How are conference hotels selected?
The SCMS Board of Directors employs a conference manager to collect bids from various hotels. Hotels are invited to make bids for the conference based on the specialized needs of SCMS, including total number of meeting rooms, exhibition
space, room rates and quality of accommodations, and technology capabilities. Our conference manager is charged with finding the most reasonable rates while also meeting our long list of needs. The conference manager is also responsible
for negotiating rates for technology.
Do I need to be a member of SCMS to submit a proposal?
Yes, you must be a member to submit a proposal. We do still encourage our members to include guests from outside the field as panel, workshop, or roundtable participants.
How do I submit a proposal for the SCMS conference?
To submit a proposal for the SCMS conference, individuals must register for the website before submitting a proposal online. If an individual is part of a panel, workshop, or roundtable, the organizer or chair is responsible for submitting
all papers or participants within the panel, workshop, or roundtable. It is the individual’s responsibility to send all the required information to the organizer for input. Individuals can submit open call paper proposals directly
online but are limited to one proposal per individual.
Is the proposal deadline firm?
I'm not sure if I'll be able to attend the conference. Should I submit a proposal anyway?
Please submit proposals only if you plan to attend the conference.

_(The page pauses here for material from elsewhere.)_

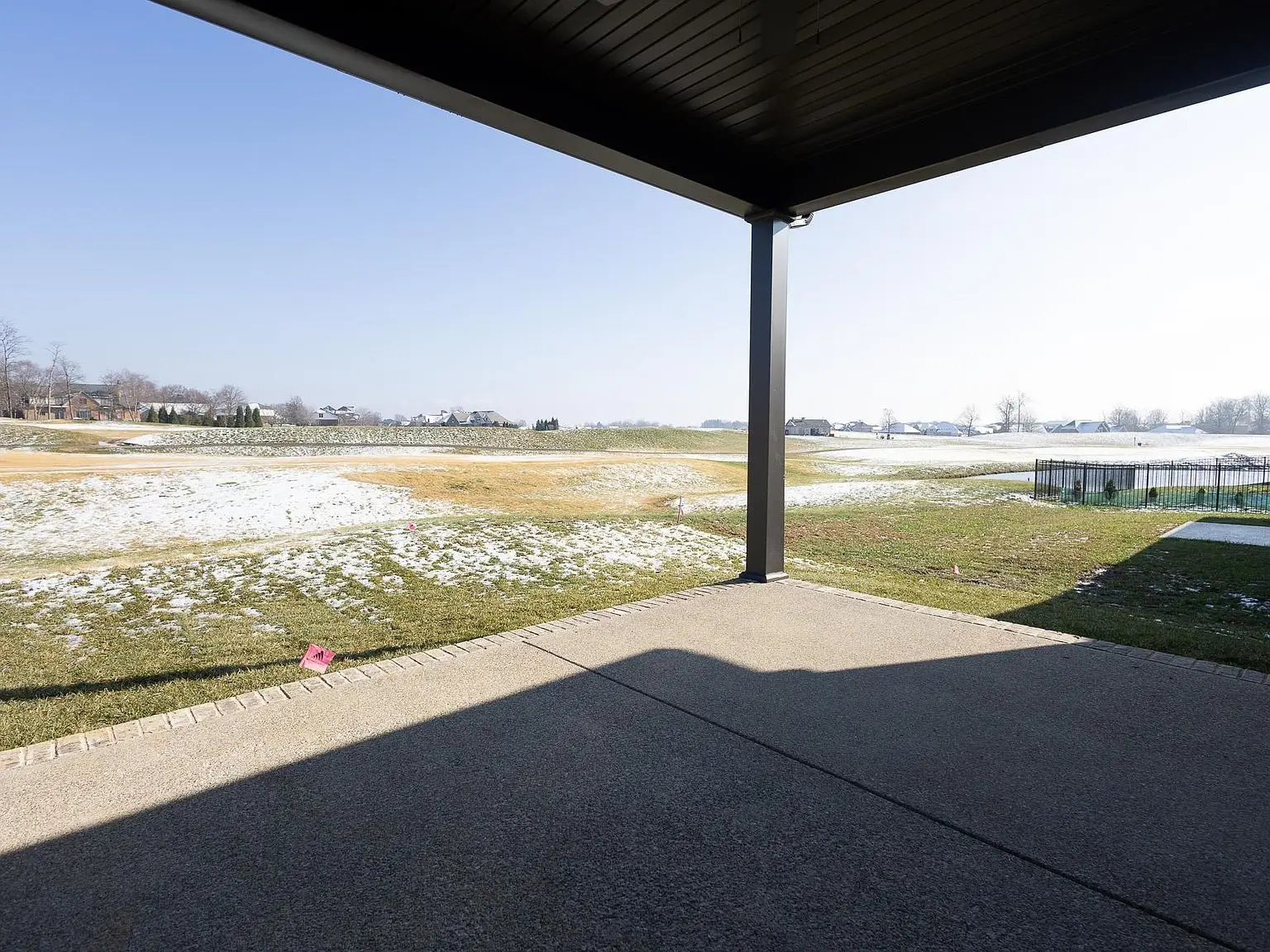 View from a covered patio of a snowy golf course, part of the Asher floor plan by Chris Brown Homes.
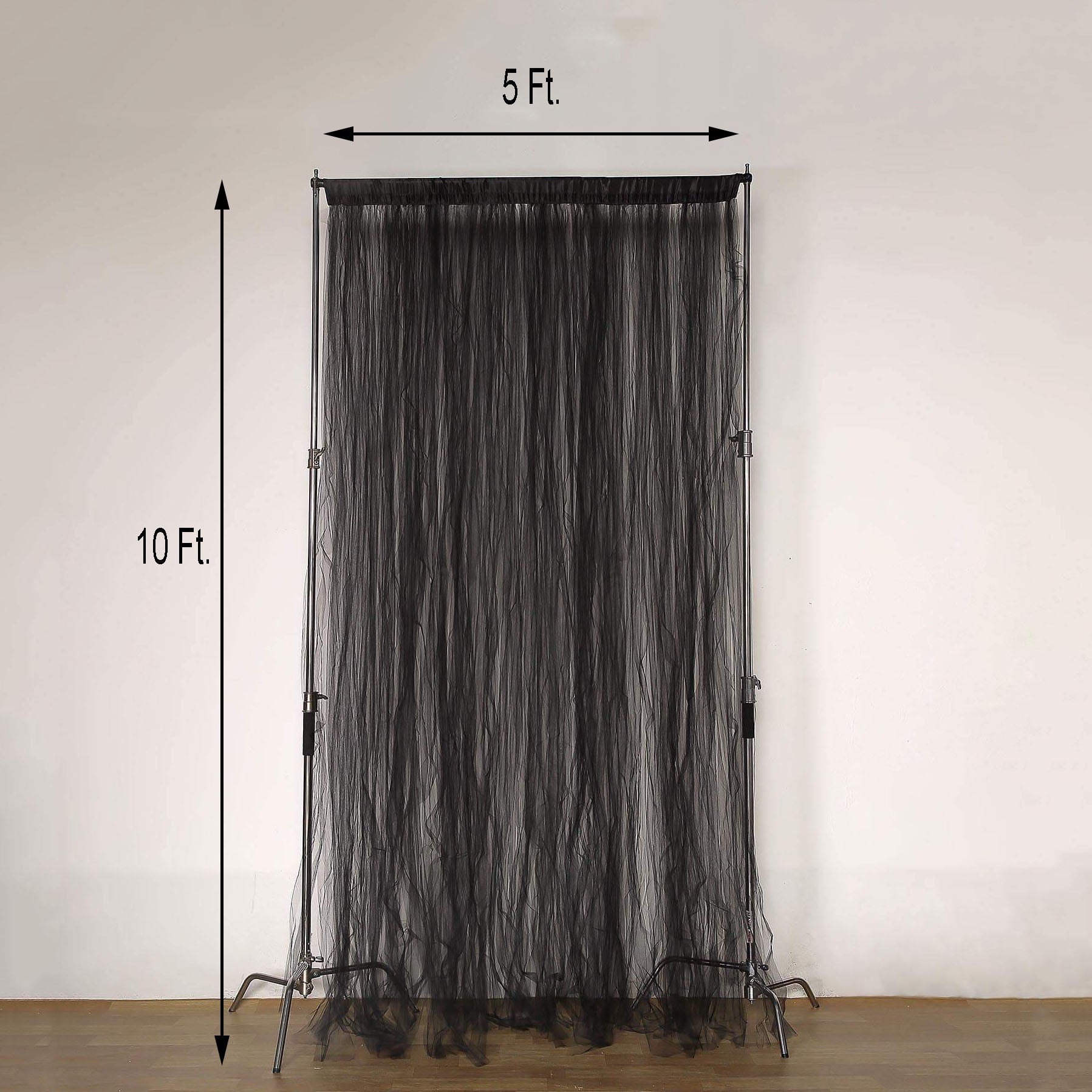 Black sheer tulle event curtain drapes with satin header, rod ready backdrop.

If you are unsure about whether you will have the time, be able to finish a paper, or get funding, perhaps it's best to wait until the next year to submit your proposal. Also, please make sure that your schedule can accommodate the full
length of the conference. While we understand that not all attendees can stay for the full five days, we are not able to guarantee scheduling a particular day for your paper or presentation. If you absolutely cannot be available to
attend any days between Wednesday and Sunday, do not submit.
It takes time to process, read, evaluate, and schedule every paper, panel, and workshop. When you put individuals through this work for a proposal that you don't deliver, you have wasted the Program Committee's time (which is done on a
volunteer basis), as well as that of the SCMS Administrative Office.

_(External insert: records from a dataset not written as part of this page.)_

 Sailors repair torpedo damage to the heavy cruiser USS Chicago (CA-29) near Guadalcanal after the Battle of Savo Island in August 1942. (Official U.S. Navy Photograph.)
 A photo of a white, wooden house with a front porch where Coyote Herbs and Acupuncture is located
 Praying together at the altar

How may I participate in the conference?
There are several major ways that one can participate in the SCMS conference.
Deliver a paper. Papers are formal presentations of original research that are either read or delivered. Papers are expected to be original research. This may be the exploration of a previously unresearched topic, or the reevaluation
of existing work in light of new evidence or methodologies. Papers are often -- but not always -- portions of book chapters, dissertations, or scholarly articles. Paper proposals are judged on their potential contribution to the
field of Cinema and Media Studies.
Participate in a workshop. Workshops are interactive discussions led by one or two facilitators. They should emphasize potential participation by all session attendees. Workshops typically focus on professional development, pedagogical
issues, institutional issues (preparing dossiers for tenure cases, mentoring graduate students and junior faculty members), disciplinary and administrative issues (developing an academic program in film or media, academic freedom,
departmental governance on issues of pedagogy and so forth), and so forth. There may be a workshop on a scholarly topic but it must make clear how it will involve participants beyond discussion. When proposing a workshop, the proposer
should make clear how attendees will be involved. This might involve sharing best practices, working on a text together, role-playing an interview, or any other productive interaction.

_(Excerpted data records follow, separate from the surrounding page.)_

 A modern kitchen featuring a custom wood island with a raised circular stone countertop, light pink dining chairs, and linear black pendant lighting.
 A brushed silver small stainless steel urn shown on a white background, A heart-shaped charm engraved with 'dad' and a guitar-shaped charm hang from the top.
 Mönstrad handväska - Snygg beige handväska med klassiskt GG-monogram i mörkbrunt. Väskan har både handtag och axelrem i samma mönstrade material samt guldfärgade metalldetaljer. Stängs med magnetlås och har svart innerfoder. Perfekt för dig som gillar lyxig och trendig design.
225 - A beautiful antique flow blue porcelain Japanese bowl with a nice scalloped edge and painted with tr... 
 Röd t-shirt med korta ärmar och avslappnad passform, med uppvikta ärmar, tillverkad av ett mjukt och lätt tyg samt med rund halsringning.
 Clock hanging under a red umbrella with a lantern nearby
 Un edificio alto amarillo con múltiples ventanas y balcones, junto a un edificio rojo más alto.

Participate in a roundtable. Roundtables are discussion sessions with a chair and four or five speakers who speak for no more than 5 minutes each and then participate in a discussion led by a facilitator. Roundtables typically focus
on scholarly topics. There may be a roundtable on a professional/pedagogical issue: it is more a question of format than topic. When proposing a roundtable, proposers should make clear what expertise each speaker brings and what
aspect of the topic they will each address. Furthermore, while the purpose of the roundtable is to foster discussion amongst the speakers about the topic, the format should also allow time for comments and questions from the audience.
Chair a panel, workshop, or roundtable.
Serve as a respondent to a panel.
Attend conference panels, workshops, and roundtables as a registered conference attendee without presenting.
How many times may I participate in panels, workshops, or roundtables?
Members may serve in only ONE role during the conference, such as participating in a workshop or roundtable OR giving a paper on a panel. You may chair the panel, workshop, or roundtable in which you participate but may not serve as chair
or respondent on another panel. This allows a maximum number of members to participate in the annual conference.
May I serve as chair of more than one panel, workshop, or roundtable?
No. Please give others the opportunity to chair by proposing only a single panel, workshop, or roundtable in which you act as chair.
How many papers may I propose for one SCMS conference?
You may propose only one paper for the conference. That paper can either be proposed as part of a pre-constituted panel or as part of the open call. You cannot propose the same paper on both a panel and as part of the open call. You must
choose whether you would like your paper to be part of a pre-constituted panel, or if you want to propose it as part of the open call.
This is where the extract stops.